Skipping all pictures, print exactly the lines below from the one with "WPF ChartView Control" through the final line.

— Data for review —
□ □ □ □ □

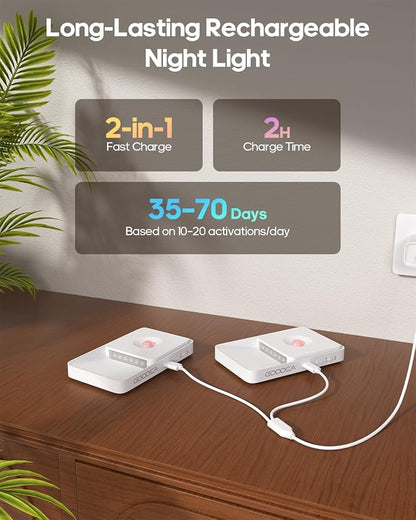GOODEA Rechargeable Motion Sensor Night Lights - Image 2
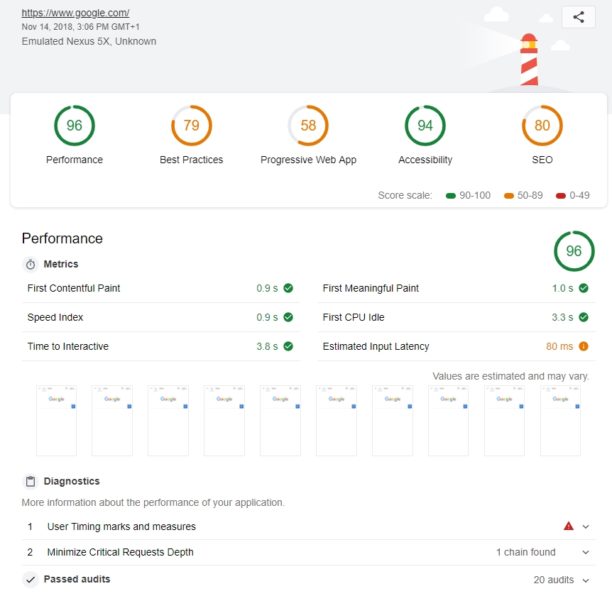 webdev-audit-lighthouse
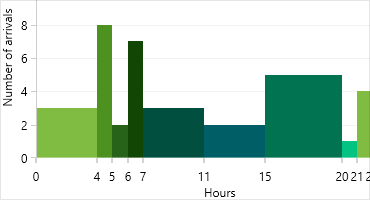 WPF ChartView Control Histogram Series Type Highlight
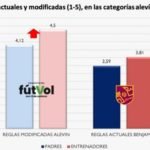 EL DEPARTAMENTO DE I+D DE LA CANTERA LLEVA A CABO SU PRIMER ESTUDIO SOBRE LA LIGA INTERNA DE VALORES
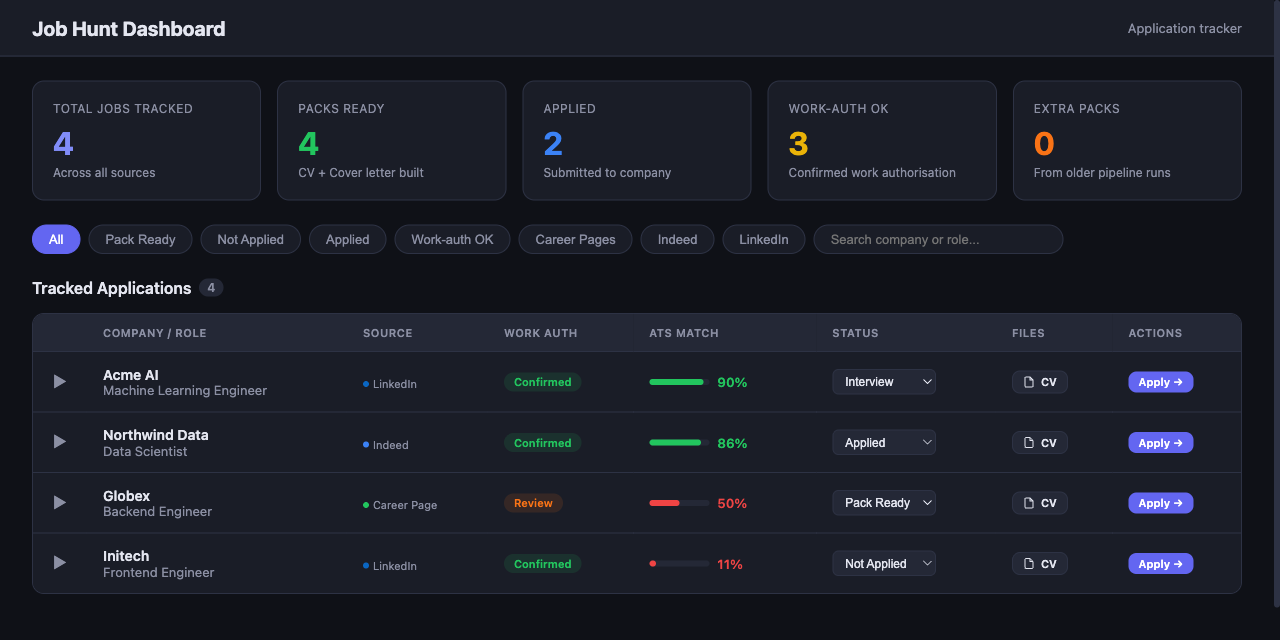 Job Hunt Automation dashboard — application tracker with ATS match scores, work-auth status, and generated CV packs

□ □ □ □ □

— Solution —
 WPF ChartView Control Histogram Series Type Highlight
 EL DEPARTAMENTO DE I+D DE LA CANTERA LLEVA A CABO SU PRIMER ESTUDIO SOBRE LA LIGA INTERNA DE VALORES
 Job Hunt Automation dashboard — application tracker with ATS match scores, work-auth status, and generated CV packs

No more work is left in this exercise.